Dreams, Daydreams, Inspiration by guest mystery author Penny Goetjen
DreamWatch.com is all about dreams.
I’m happy to host mystery author Penny Goetjen on my personal blog. Here at Writings on the Wall, I write about whatever interests me at the time, could be new blooms on an old houseplant or spotting a strange bug that landed in my driveway. DreamWatch is all about dreams. Please join me in welcoming my guest Penny Goetjen writing about dreams. —Kat
Dreams
Dreams are a funny thing. We encounter them during late night slumber, when all we’re hoping for is a few hours of solid rest to ready ourselves for the coming day. Most people experience them, but dreams don’t always make sense. Some are so startling, we’re shaken to the core and swear we’ll never forget them. Others are fleeting and, although we try to remember the details, they seem to dissipate like a wisp of smoke from the tip of a cigarette. Many just leave us amused by the seemingly random pieces our sub-conscious pulled together.
There are professionals—dream interpreters—who claim to be able to explain the meaning of dreams but are steeped in controversy over whether there is any validity in their methods. Some offer to teach us how to interpret dreams ourselves, a sort of DIY psychological exercise. The desire to understand our elusive nighttime encounters goes back centuries to when there was a strong belief that dreams were a way of communicating with spirits. I happen to believe this does occur, although not as often as other types of dreams that are downright puzzling.
Daydreams
But where do daydreams fit into all of this?
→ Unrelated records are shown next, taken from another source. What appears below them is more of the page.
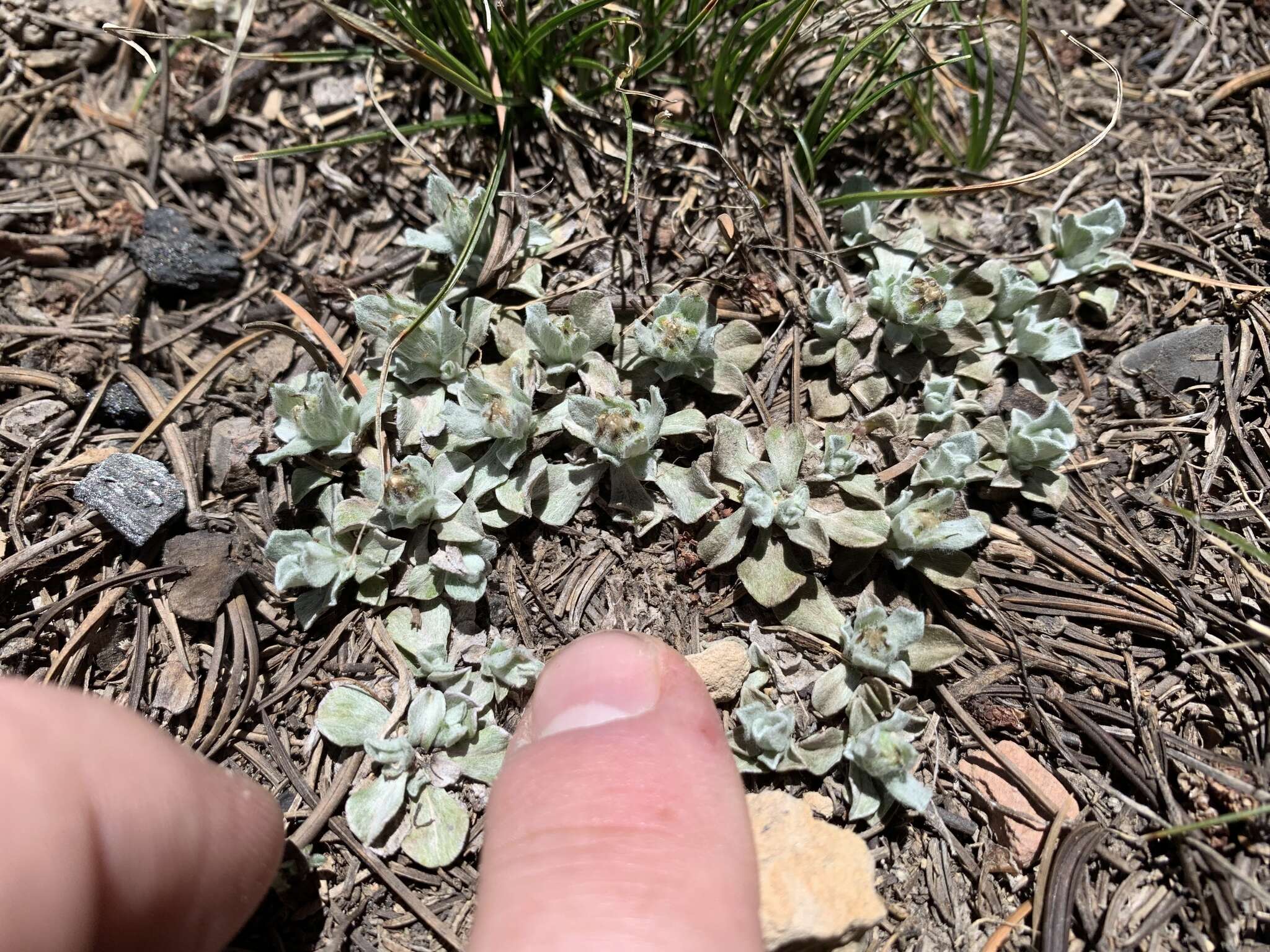 Image de Antennaria soliceps Blake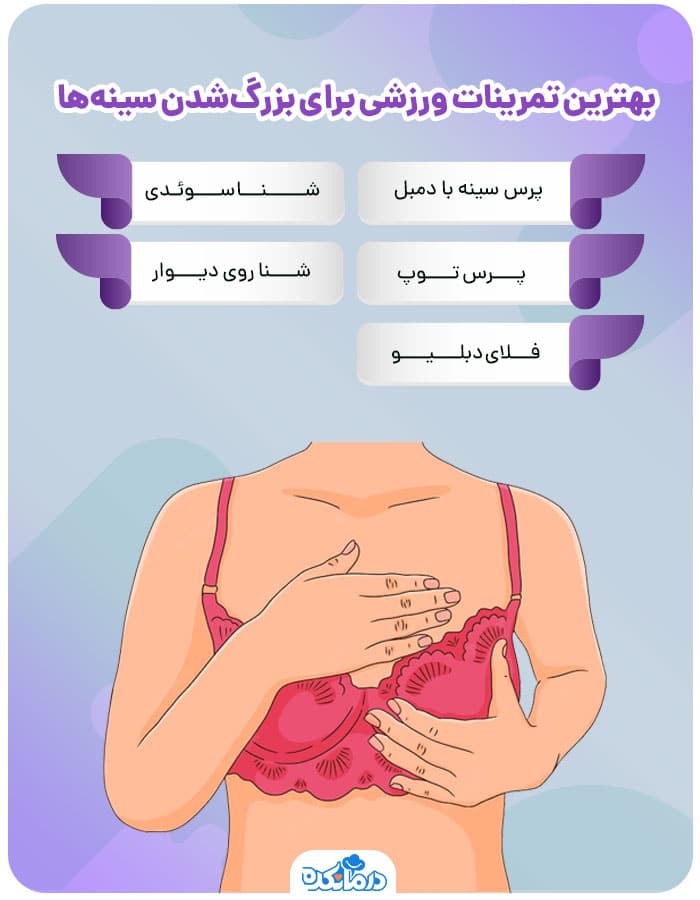 اینفوگرافیک بهترین تمرینات ورزشی برای بزرگ‌شدن سینه‌ها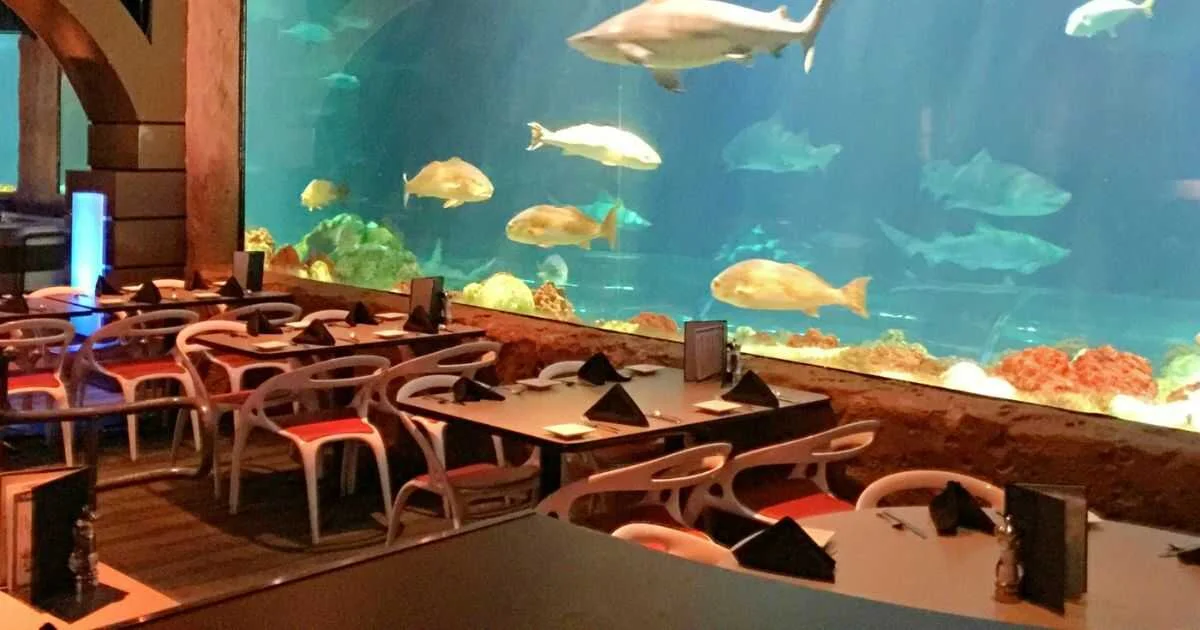 What is POS Software for Fish Restaurant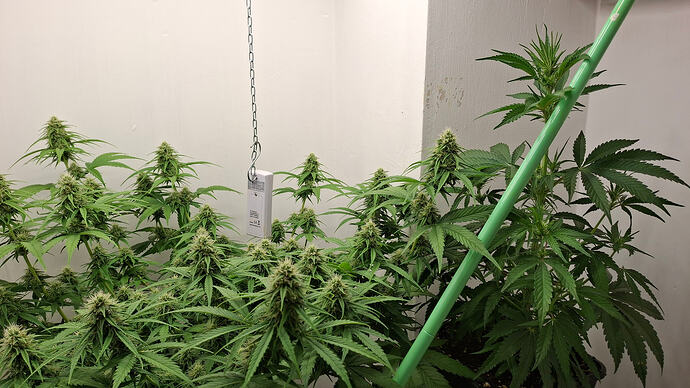 Growreport Bild 284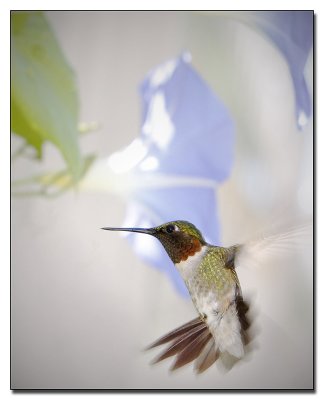 9th Place (tied)Just another hummingbirdby Sam Attal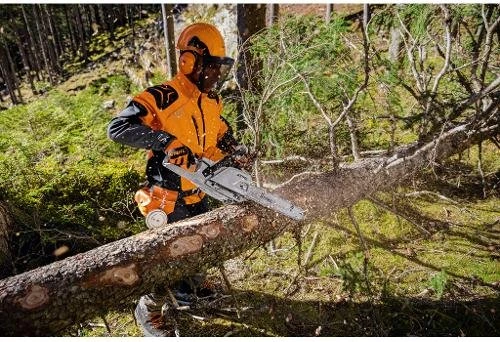 Stihl MS231C-BE 40cm Benzin-Kettensäge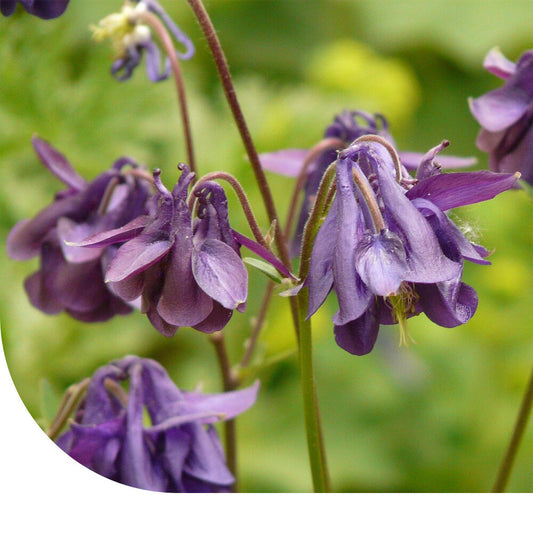  Akelei - Aquilegia Vulgaris
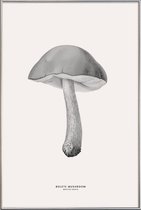 JUNIQE - Poster met kunststof lijst Bolete Mushroom -20x30 /Grijs &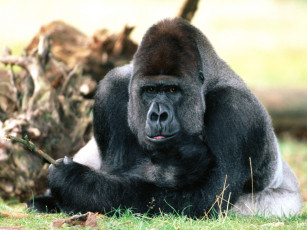 Картинка chilling out western lowland gorilla животные обезьяны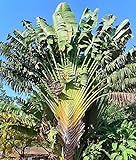 bananenpflanze zimmer Baum der Reisenden Ravenala madagascariensis Banane Pflanze 5-10cm Rarität Musa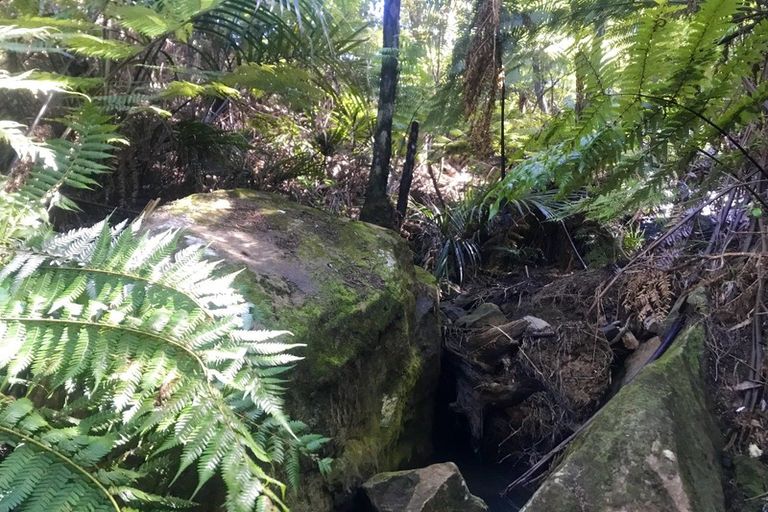 Photo of property in 455 Tuateawa Road, Tuateawa, Coromandel, 3583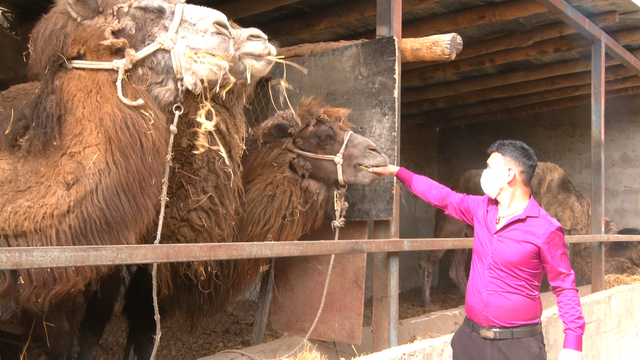 涔℃潙鎸叴锛氭柊鐤嗛樋鍏嬭嫃甯傦細鑷村瘜璺笂椹煎ザ棣? onerror=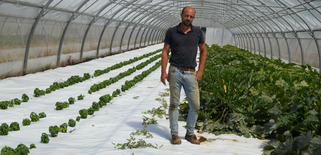 Bacqueville-en-Caux. La culture des légumes par temps de canicule   | Veille territoriale AURH | Scoop.it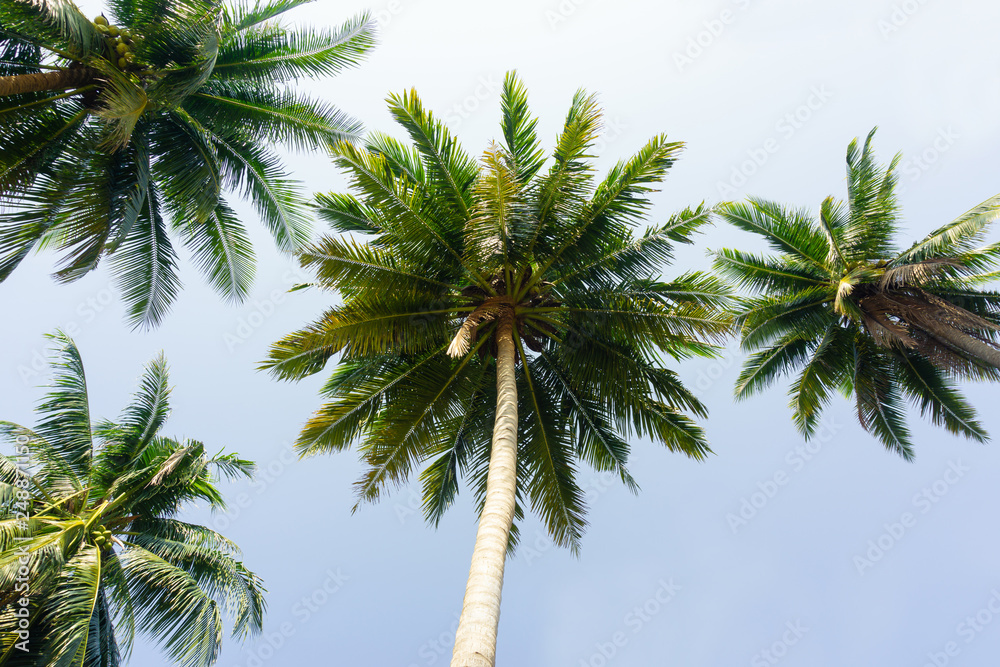 the coconut trees on tilt angle in thailand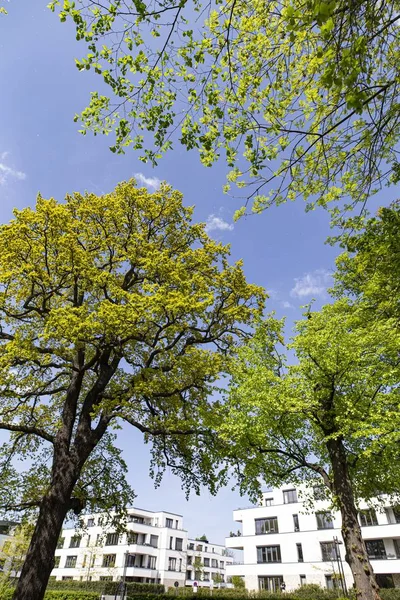 Vertical shot of green trees near white buildings under a clear blue sky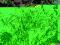 Malownicza TRAWA OZDOBNA Rotstrahlbush kłącze 1szt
Are they similar enough in nature to be grouped in with night dreams? I would venture to say our more vivid daydreams could be similar in experience to the nighttime version and just as unsettling.
Inspiration
Murder On the Precipice
It was one such daydream in a fictional setting that sets into motion the events for Manhattan interior designer Elizabeth Pennington in Murder On the Precipice. It’s late on a Friday afternoon and her boss has just stepped out of the conference room so she’s alone in the quiet, gazing through the rain-splattered windows. As fatigue washes over her, she slips back to her childhood when she would climb the steps to the lighthouse and watch storms approach from inside the stalwart 100-year-old walls. Movement catches her eye on the breakwater. At first one, then a second figure struggles to keep from getting washed into the ocean by the waves churned up by the storm.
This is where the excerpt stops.